675: America on Coffee; The Caffeinated Ramblings of Alexander Hamilton

Thus have I, fellow citizens, executed the task I had assigned to myself; with what success your conduct must determine.

Federalist Paper No. 85

In December of 1773 a bunch of ne’er do well rebels dumped a bunch of tea into Boston harbor. This rebellious action led to a revolutionary war which would mark the birth of The United States of America. The patriotic fervor against English tea would also cause Americans, even centuries later, to eschew tea in favor of the much stronger, more caffeinated beverage of coffee.

Fourteen years after the tea party The United States were considering the adoption of a new constitution, and Alexander Hamilton thought it was a smashingly great idea. Conscripting the help of his buddies James Madison and John Jay, Hamilton set out to write a series of essays expounding on the wisdom, sagacity and greatness contained in the new constitution.

The resulting 85 essays would come to be known as The Federalist Papers.

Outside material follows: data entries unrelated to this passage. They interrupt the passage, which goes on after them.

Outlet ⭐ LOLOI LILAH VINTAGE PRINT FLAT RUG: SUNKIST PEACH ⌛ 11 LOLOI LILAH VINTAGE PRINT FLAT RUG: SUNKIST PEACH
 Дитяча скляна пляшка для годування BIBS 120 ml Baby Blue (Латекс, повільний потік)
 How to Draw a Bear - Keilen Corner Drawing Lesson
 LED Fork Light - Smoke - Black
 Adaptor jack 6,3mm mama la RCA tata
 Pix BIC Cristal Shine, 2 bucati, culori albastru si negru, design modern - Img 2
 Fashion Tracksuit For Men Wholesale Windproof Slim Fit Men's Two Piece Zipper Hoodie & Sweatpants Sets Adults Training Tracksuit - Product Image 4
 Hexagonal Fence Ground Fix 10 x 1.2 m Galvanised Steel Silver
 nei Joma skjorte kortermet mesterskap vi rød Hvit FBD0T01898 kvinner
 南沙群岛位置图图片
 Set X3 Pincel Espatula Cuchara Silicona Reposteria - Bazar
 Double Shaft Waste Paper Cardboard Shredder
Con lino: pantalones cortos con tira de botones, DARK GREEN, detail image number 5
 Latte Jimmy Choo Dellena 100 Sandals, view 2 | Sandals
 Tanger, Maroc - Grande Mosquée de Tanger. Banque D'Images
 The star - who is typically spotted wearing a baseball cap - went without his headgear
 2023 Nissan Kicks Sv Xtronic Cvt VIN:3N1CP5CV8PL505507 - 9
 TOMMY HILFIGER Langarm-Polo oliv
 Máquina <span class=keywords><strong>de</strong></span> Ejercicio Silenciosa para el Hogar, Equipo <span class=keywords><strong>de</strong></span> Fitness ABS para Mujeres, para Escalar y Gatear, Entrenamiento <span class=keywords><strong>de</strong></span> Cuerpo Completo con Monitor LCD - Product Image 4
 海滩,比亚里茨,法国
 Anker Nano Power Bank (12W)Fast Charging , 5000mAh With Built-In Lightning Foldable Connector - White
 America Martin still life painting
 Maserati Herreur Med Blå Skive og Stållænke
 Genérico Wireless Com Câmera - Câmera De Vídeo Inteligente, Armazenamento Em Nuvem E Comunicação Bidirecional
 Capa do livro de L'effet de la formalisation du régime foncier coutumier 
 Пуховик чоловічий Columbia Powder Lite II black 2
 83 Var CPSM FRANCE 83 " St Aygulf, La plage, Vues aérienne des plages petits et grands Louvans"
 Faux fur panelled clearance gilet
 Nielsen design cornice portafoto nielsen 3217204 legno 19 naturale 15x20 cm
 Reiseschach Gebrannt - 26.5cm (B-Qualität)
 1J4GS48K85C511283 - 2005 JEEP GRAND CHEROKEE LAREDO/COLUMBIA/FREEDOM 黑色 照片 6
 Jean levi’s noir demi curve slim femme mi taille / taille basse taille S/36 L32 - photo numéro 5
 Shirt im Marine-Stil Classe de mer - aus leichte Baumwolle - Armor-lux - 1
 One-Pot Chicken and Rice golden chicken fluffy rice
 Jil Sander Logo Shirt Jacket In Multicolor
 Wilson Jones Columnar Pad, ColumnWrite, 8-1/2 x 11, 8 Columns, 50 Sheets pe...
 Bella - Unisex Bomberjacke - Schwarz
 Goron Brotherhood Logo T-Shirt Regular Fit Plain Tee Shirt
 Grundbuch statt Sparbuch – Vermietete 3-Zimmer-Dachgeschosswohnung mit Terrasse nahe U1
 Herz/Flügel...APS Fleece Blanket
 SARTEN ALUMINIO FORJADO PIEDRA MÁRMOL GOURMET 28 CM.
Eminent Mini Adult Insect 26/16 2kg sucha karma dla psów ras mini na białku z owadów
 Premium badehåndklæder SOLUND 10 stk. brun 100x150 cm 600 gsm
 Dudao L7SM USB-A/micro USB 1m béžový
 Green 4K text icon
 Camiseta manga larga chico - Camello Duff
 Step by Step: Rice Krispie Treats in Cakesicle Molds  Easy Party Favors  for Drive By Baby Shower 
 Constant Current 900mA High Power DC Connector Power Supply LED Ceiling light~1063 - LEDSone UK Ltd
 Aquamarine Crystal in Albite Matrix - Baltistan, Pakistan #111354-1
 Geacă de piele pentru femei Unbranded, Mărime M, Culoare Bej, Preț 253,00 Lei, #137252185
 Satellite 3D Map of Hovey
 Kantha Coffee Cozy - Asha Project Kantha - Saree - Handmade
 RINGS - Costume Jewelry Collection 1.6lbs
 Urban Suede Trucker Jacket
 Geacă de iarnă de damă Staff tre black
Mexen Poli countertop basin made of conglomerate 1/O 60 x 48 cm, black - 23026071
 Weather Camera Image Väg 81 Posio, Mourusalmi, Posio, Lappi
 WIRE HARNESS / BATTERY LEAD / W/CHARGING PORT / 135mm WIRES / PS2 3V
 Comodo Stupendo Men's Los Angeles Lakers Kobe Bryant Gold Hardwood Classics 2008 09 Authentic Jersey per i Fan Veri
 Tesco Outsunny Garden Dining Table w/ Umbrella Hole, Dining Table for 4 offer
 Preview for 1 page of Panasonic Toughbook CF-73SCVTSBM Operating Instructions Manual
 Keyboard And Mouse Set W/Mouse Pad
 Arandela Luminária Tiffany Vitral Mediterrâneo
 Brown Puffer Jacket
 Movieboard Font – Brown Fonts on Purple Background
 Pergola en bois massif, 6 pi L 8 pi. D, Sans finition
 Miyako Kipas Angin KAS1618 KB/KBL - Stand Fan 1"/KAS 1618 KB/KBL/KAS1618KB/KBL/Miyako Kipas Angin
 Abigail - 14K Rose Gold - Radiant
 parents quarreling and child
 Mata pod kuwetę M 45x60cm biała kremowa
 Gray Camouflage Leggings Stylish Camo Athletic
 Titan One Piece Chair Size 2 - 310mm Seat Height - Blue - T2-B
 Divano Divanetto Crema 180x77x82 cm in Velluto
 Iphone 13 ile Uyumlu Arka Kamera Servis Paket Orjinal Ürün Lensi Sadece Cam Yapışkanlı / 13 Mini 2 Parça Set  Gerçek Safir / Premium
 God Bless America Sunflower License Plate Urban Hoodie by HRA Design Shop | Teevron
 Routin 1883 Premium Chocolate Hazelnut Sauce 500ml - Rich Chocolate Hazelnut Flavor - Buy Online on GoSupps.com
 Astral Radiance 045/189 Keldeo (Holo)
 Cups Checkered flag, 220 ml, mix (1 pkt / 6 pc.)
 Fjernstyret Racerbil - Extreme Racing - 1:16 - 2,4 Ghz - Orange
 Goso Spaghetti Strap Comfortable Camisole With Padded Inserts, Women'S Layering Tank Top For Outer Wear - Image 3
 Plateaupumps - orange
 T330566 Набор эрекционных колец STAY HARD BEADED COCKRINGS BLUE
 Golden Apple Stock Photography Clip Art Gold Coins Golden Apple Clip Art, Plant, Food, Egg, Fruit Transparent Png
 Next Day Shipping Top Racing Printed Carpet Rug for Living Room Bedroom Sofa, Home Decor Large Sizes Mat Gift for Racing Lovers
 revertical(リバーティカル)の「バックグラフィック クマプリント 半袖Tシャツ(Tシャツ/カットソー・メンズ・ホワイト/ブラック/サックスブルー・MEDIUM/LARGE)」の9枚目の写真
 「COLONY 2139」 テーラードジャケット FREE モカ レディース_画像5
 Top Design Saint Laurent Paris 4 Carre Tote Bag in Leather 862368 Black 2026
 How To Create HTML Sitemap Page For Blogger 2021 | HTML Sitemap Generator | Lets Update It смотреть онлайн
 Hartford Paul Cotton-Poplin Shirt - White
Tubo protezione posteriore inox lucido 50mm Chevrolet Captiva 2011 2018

Reading the essays today it is utterly apparent that Hamilton was no stranger to American coffee. While Madison’s adroit historical observations and careful studies concerning numerous European governments lend an air of sophistication to the essays, Madison’s gentler tendencies are overwhelmed by the sheer enormity of Hamilton’s barrage of governmental theory. (Jay was a little too old to have gotten in on the coffee craze, and didn’t have the energy for much writing.)

The purpose of the Federalist Papers was not to explain the constitution, so much as to sell it. Whatever his shortcomings Hamilton was an excellent salesman.

Speaking of shortcomings; a civil libertarian Hamilton was not. The most quintessentially Hamiltonian moment, in my estimation, comes in Federalist No. 36 where Hamilton explains that he doesn’t personally think poll taxes are all that great, but that it would be absolutely horrible to prohibit the government from collecting them.

Another brilliant moment for Hamilton comes in Federalist No. 85, where Hamilton explains that the constitution kinda, sorta maybe does have a bill of rights, but immediately turns around and attacks the very idea of a bill of rights. The clear and convincing evidence that Hamilton had been drinking too much coffee is that a less caffeinated person would have shut up after the eighty-fourth essay.

While he makes a strong case concerning the need for a central government, Hamilton seems to be needlessly enamored by the prospect of centralized political power. It was this infatuation, I believe, that would lead to his break with Madison in the not too distant future.

Fortunately Madison would prove more amennable to a bill of rights than Hamilton.

My personal annoyance with Hamilton aside, The Federalist Papers present a thorough picture of the foundations of American government. The separation of powers, the intended scope of each branch of government and the role of the states in relation to the federal government are expounded upon in detail. Even given Hamilton’s fairly expansive view of the role of government for the 1790s it is clear that today’s government fills roles that Hamilton would never have envisioned.

Even if it takes a couple cups of coffee to get through them, The Federalist Papers are well worth the read.